A brand new store has just opened in New York City that sells husbands. When women go to choose a husband, they must abide by the following instructions:
“You may visit this store only once. There are six floors and the attributes of the men increase as the shopper ascends the flights. There is, however, a catch. You may choose any man from a particular floor, or you may choose to go up to the next floor, but you cannot go back down except to exit the building!”
So, a woman goes to “The Husband Store” to find a husband.
On the first floor the sign on the door reads:
Floor 1 – These men have jobs, and love kids.
The second floor sign reads:
Floor 2 – These men have jobs, love kids, and love God.
The third floor sign reads:
Floor 3 – These men have jobs, love kids, love God, and are extremely good looking.
“Wow,” she thinks, but feels compelled to keep going. She goes to the fourth floor and the sign reads:
Floor 4 – These men have jobs, love kids, love God, are drop-dead gorgeous and help with the housework.
“Oh, mercy me!” she exclaims. “I can hardly believe it!” Still, she goes to the fifth floor and the sign reads:
Floor 5 – These men have jobs, love kids, love God, are drop-dead gorgeous, help with the housework, and have a strong romantic streak.
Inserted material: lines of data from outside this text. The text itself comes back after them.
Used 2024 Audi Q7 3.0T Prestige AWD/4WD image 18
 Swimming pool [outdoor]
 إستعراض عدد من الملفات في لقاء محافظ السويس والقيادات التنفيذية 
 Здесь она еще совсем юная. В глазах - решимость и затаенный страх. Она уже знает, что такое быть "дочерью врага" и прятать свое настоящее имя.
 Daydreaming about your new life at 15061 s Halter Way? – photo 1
She is so tempted to stay, but she goes to the sixth floor and the sign reads:
Floor 6 – You are visitor 4,363,012 to this floor. There are no men on this floor. This floor exists solely as proof that women are impossible to please. Thank you for shopping at the Husband Store. Good-bye.
To avoid gender bias charges, the owner of The Husband Store also opens a new store across the street called “The Wife Store.”
The 1st floor has wives that love sex.
The 2nd floor has wives that love sex and have money.
The 3rd through 6th floors have never been visited.
I think this is great. How true it is that women want it all and don’t appreciate what they have. For the men, I can completely understand that they would only visit the second floor.
As for me, being married several times and having many relationships. I can completely understand this. I was one of those women wanting the impossible. I have matured since those days and hope that I am setting a good example to my teenage daughter to not set her expectations high but not too high.
Elder Neal A. Maxwell of the Quorum of the Twelve Apostles offered this counsel: “…The key is to have our eyes wide open to our own faults and partially closed to the faults of others—not the other way around! The imperfections of others never release us from the need to work on our own shortcomings.” Therefore, when we focus on finding the right person, we should also focus on becoming the right person for someone else. The strengths we bring to a marriage will undoubtedly contribute to the success of the marriage.
It took me a long time to realize that I could not change another person to form to my expectations or expect too much. I love my husband and he his has faults but so do I. We work through our differences most of the time and it helps us to grow closer.
I found this Kind of funny..yet “sad” only because IMO it’s true.